**Activity**
No picture belongs in the answer, which must hold exactly the lines from the one with "RedRoseRus: Transparent Boobs" through the final line below.

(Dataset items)

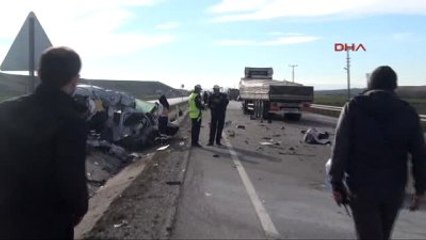 Çorum 'Lastiği Patlayan Otomobil Tır ve Kamyona Çarptı: 5 Ölü' Haberine Ek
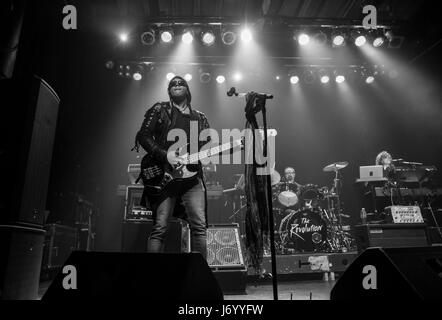 Bassist Brownmark of the Revolution, Prince's 80er Backing Band tritt im Phoenix Concert Theatre in Toronto, Kanada, auf Stockfoto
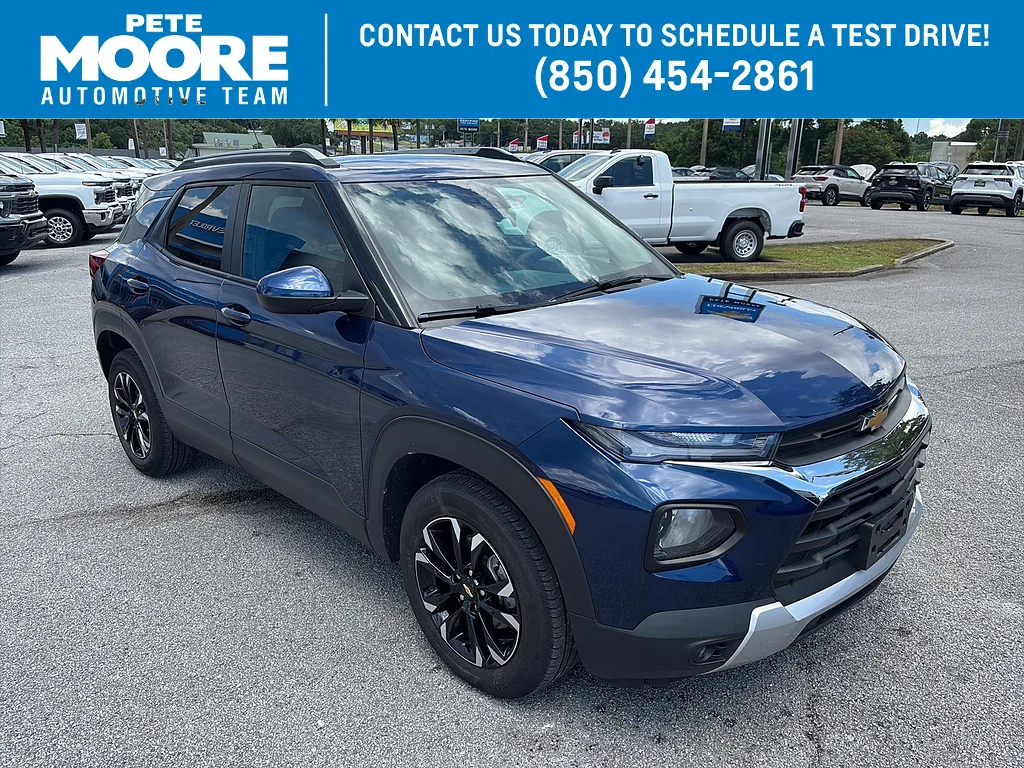 Used 2023 Blue Glow Metallic Chevrolet  image 1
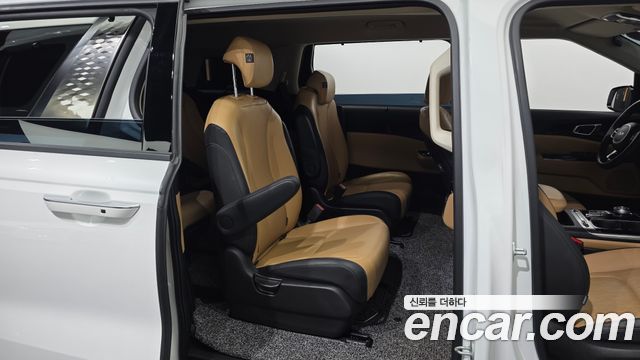Kia Canival 2023 — photo 18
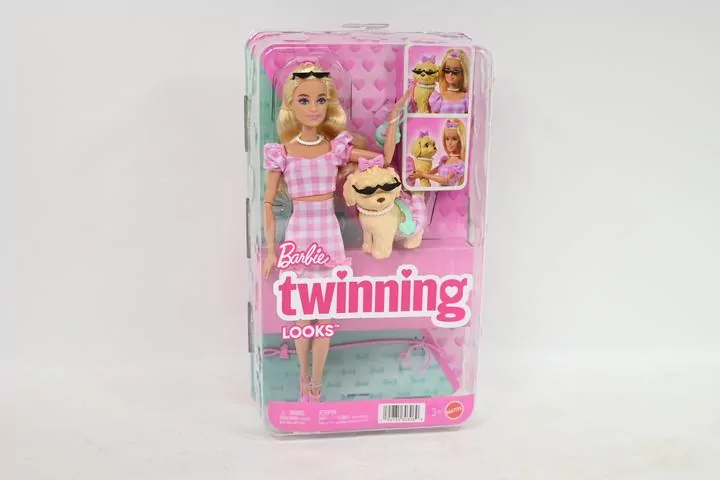 Barbie Jednakowa stylizacja Lalka i piesek - tantis.pl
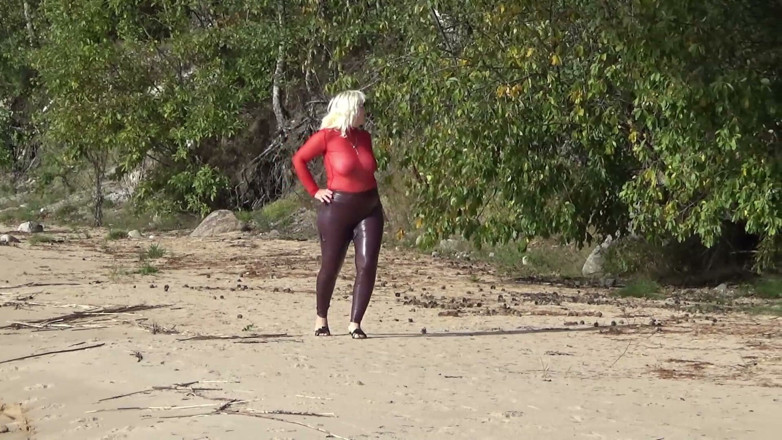 RedRoseRus: Transparent Boobs and Old Leather Leggings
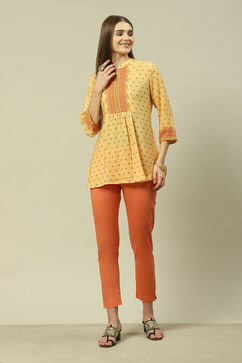 Peach Poplin Lycra Slim Solid Slim Pants image number 0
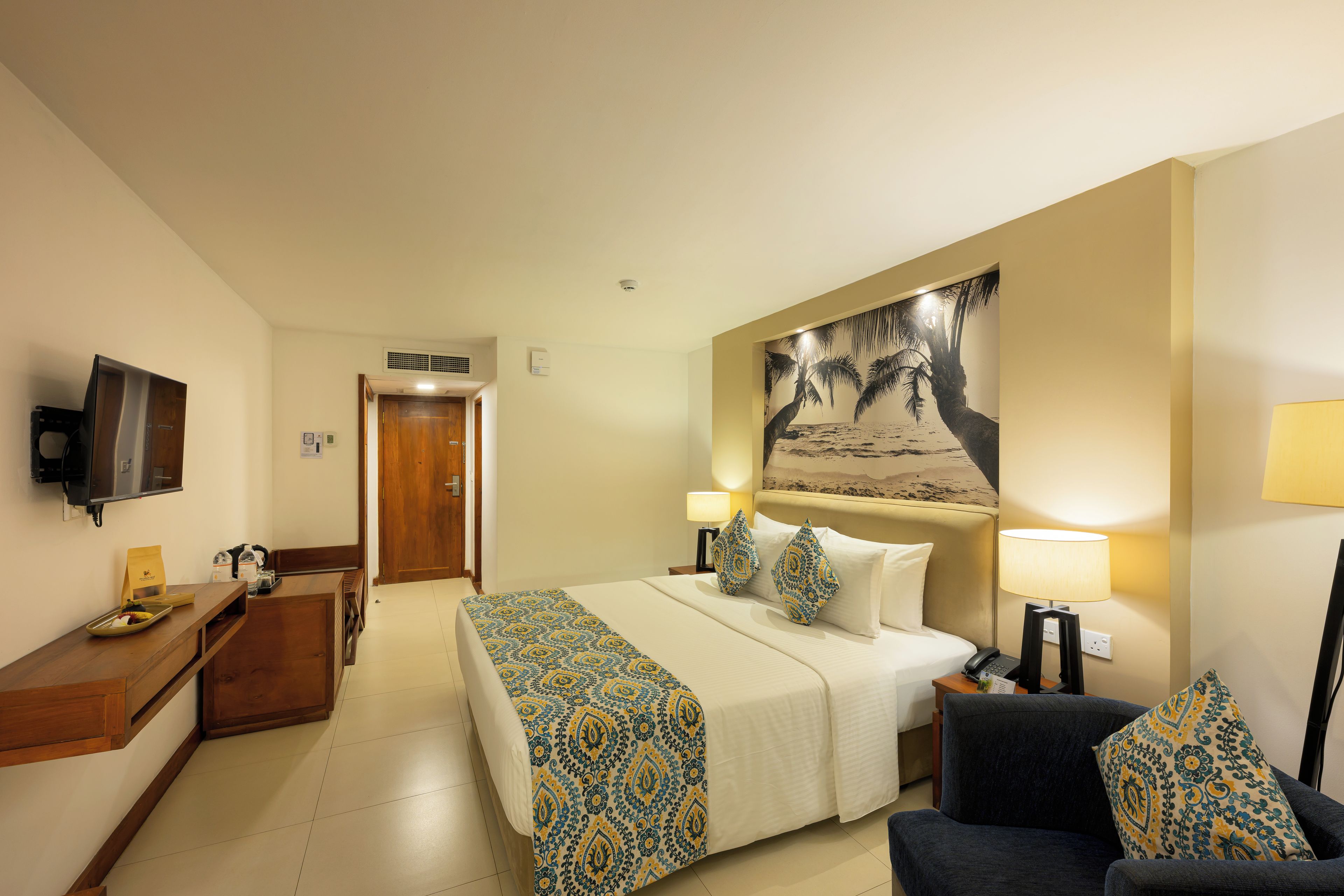 Premium Double Room | Egyptian cotton sheets, premium bedding, minibar, in-room safe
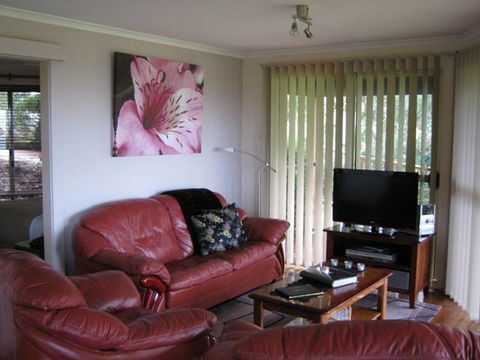 Celestine Retreat - New South Wales Tourism  3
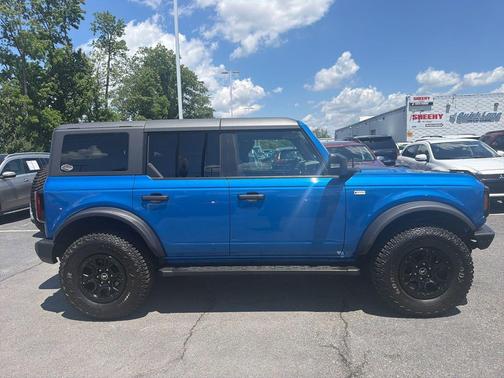 Velocity Blue Metallic 2024 Ford Bronco Wildtrak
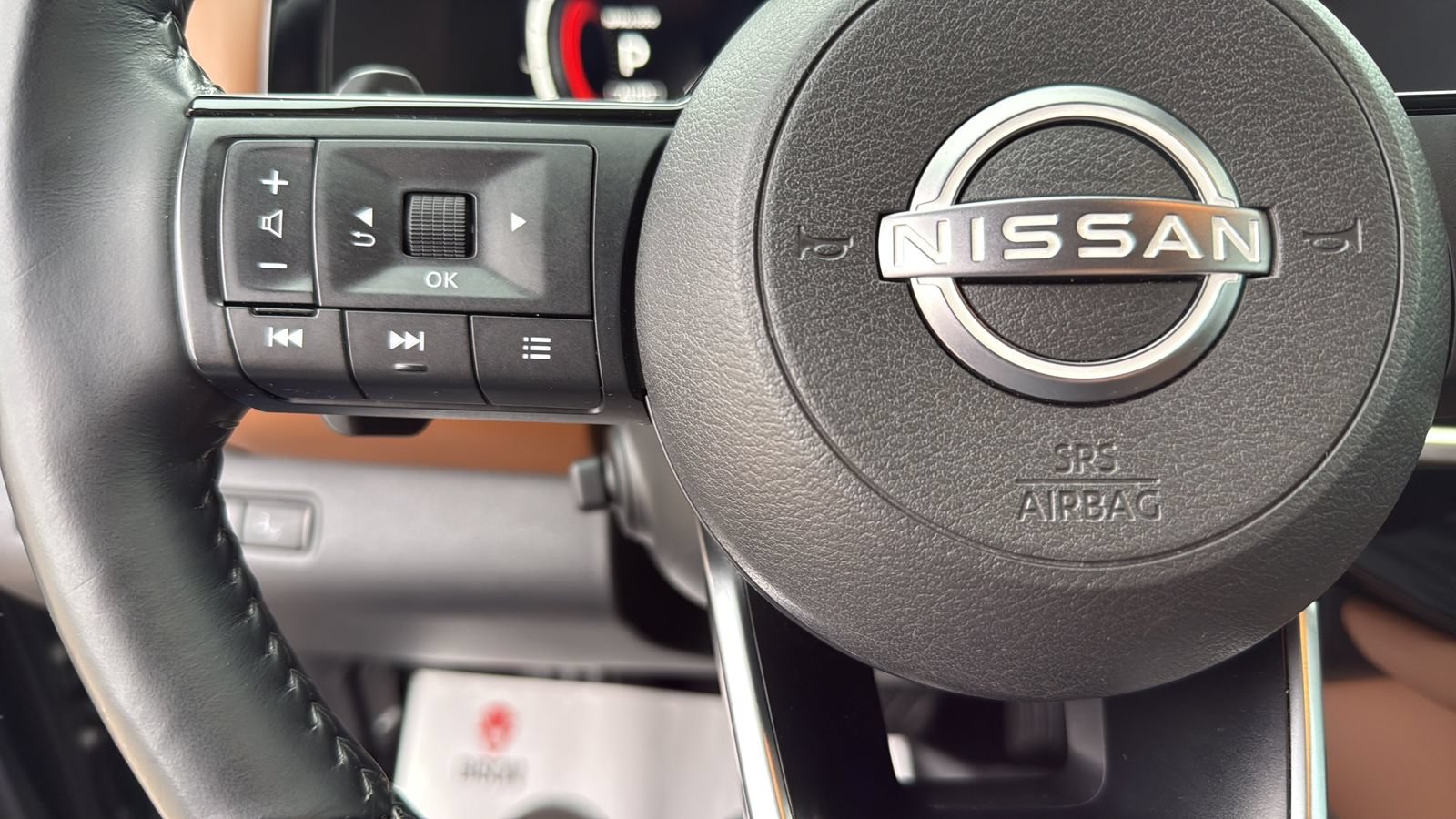 Used 2022 Nissan Pathfinder Platinum w/ Cargo Package AWD/4WD image 16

**Answer**
 RedRoseRus: Transparent Boobs and Old Leather Leggings
 Peach Poplin Lycra Slim Solid Slim Pants image number 0
 Premium Double Room | Egyptian cotton sheets, premium bedding, minibar, in-room safe
 Celestine Retreat - New South Wales Tourism  3
 Velocity Blue Metallic 2024 Ford Bronco Wildtrak
 Used 2022 Nissan Pathfinder Platinum w/ Cargo Package AWD/4WD image 16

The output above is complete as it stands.